29 Mich. App. 354 (1971) 185 N.W.2d 398

PEOPLE
v.
PATSKAN

Docket No. 5738.

Michigan Court of Appeals.

Decided January 18, 1971. Leave to appeal granted May 20, 1971.

Frank J. Kelley, Attorney General, Robert A. Derengoski, Solicitor General, William L. Cahalan, Prosecuting Attorney, Dominick R. Carnovale, Chief, Appellate Department, and Owen J. Galligan, Assistant Prosecuting Attorney, for the people.

Arthur J. Tarnow (Defenders' Office — Legal Aid and Defender Association of Detroit), for defendant on appeal.

Before: DANHOF, P.J., and V.J. BRENNAN and J.J. KELLEY, JR.,[*] JJ.

Leave to appeal granted May 20, 1971. 384 Mich. 842.

KELLEY, J.

On July 14, 1967, at approximately 4 a.m., three men attempted to rob a restaurant-bar. The establishment had closed for the evening, but a night porter, Fernando, was inside cleaning the premises. Immediately before the attempt, Fernando received a telephone call in which the caller informed him that the premises were on fire and that *356 he had better leave the building. Upon attempting to leave by way of the back door, he was accosted by two men who took his keys. One of the men stated, "This is a stick-up". The other man brandished an automatic pistol which he stuck in the porter's ribs. After taking the porter back into the restaurant and forcing him to lie on the floor, face down, two hold-up men began to look for money.

Unknown to the robbers, at the time the porter opened the back door to leave the establishment, a silent alarm sounded in a private-protection agency office. As a result of the alarm, the police were summoned.

When the hold-up men became aware that the police had arrived, they roused the porter from his position on the floor and told him to tell the police that everything was all right. At this time the porter observed a third man on the premises. However, instead of informing the police that everything was all right, the porter signaled the officers that three men were in the establishment.

With the arrival of the police, the robbery was thwarted. One of the trio of hold-up men was shot to death by the police as he tried to escape. Another was wounded. An officer saw a third man leave the building and chased him. The officer, who was about 30 feet behind the fleeing man, noted the color and type of the man's clothing. The fleeing man ran into an open field. After having lost sight of him for five to ten seconds, the officer found him in the field, lying face down, and arrested him.

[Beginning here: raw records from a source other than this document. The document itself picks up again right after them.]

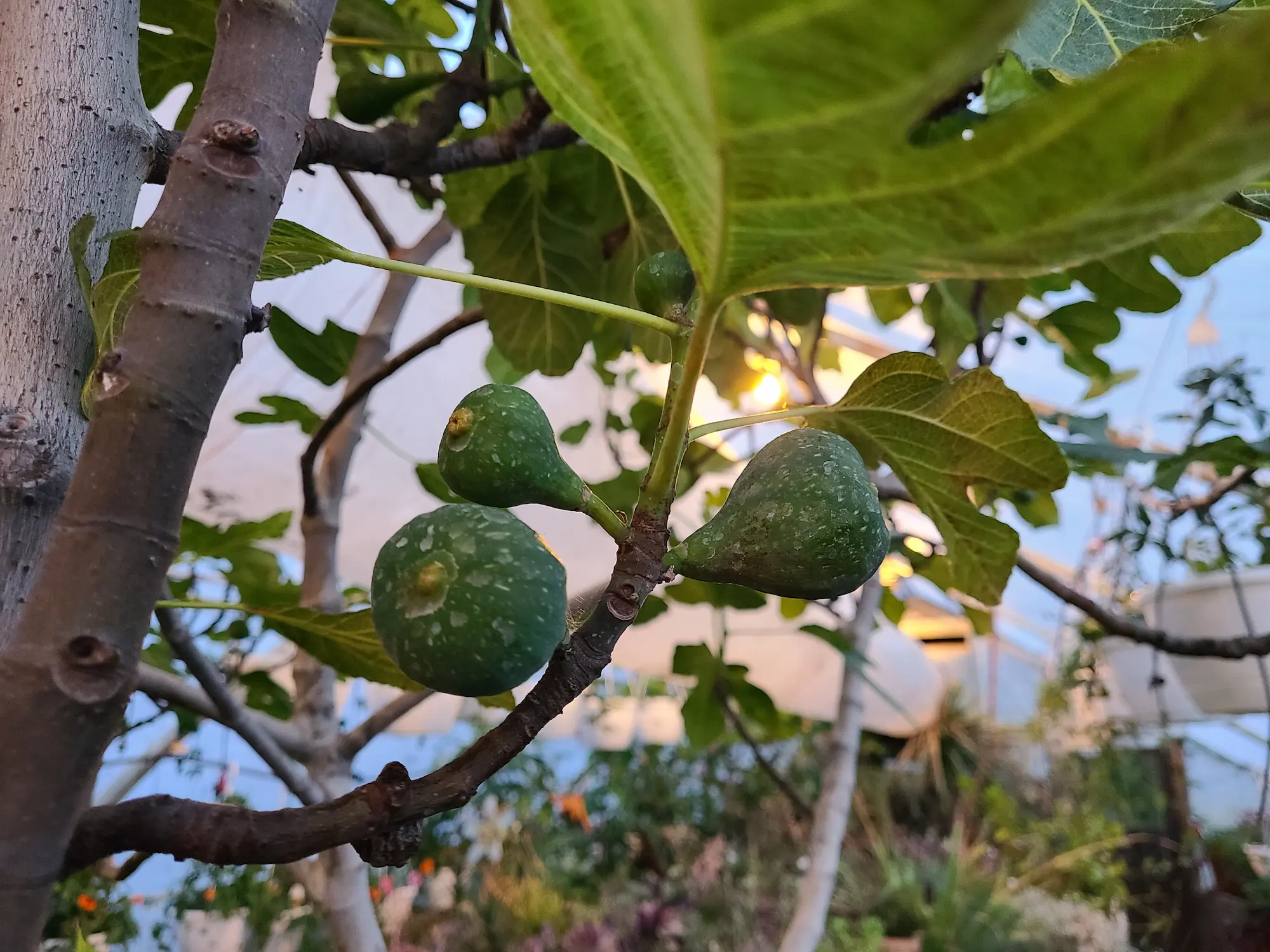 Featured image for “Fig, Little Ruby Dwarf”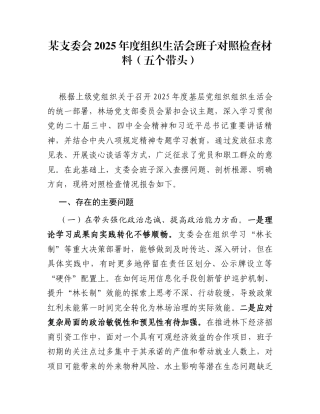 某支委会2025年度组织生活会班子对照检查材料(五个带头)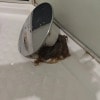 https://cdn-ostrovok-ru-ion.test.edgekey.net/t/100x100/hotel_review/6c/a0/6ca0b04aec5758953529fdc04196a89adb4433f7.JPEG
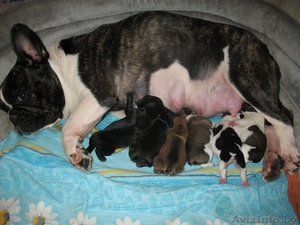 Девочки французского бульдога #155728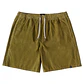 Walkshorts DC Mens Abrupter Short - thumbnail 1
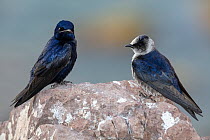 Two Purple martins (Progne subis) perched on rock. El Pardito Island, Islands of Gulf of California Protected Area, Sea of Cortez, Mexico. May.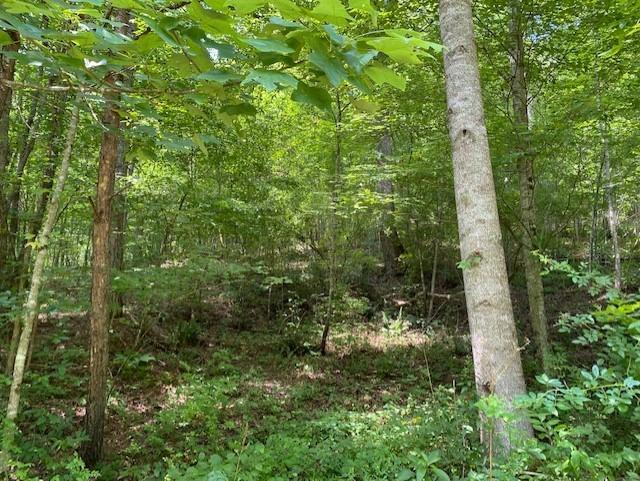 2389 Trace Branch Road Livingston, KY 40445 - Photo 21 of 23 21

The officer identified the arrested person, the defendant, as the man he had chased.

The information charged that defendant, being armed with a pistol, assaulted Fernando with the *357 intent to rob and steal.[1] Appealing his conviction of this offense, defendant raises several issues.

1. Whether the court should have charged the jury that defendant could be found guilty of attempted assault with intent to rob, being armed?

Defendant relies on MCLA § 768.32 (Stat Ann 1954 Rev § 28.1055), which provides: "Upon an indictment for any offense, consisting of different degrees, as prescribed in this chapter, the jury may find the accused * * * guilty * * * of an attempt to commit such offense". A reasonable interpretation[2] of this statute forces the conclusion that it was not meant to apply to all crimes.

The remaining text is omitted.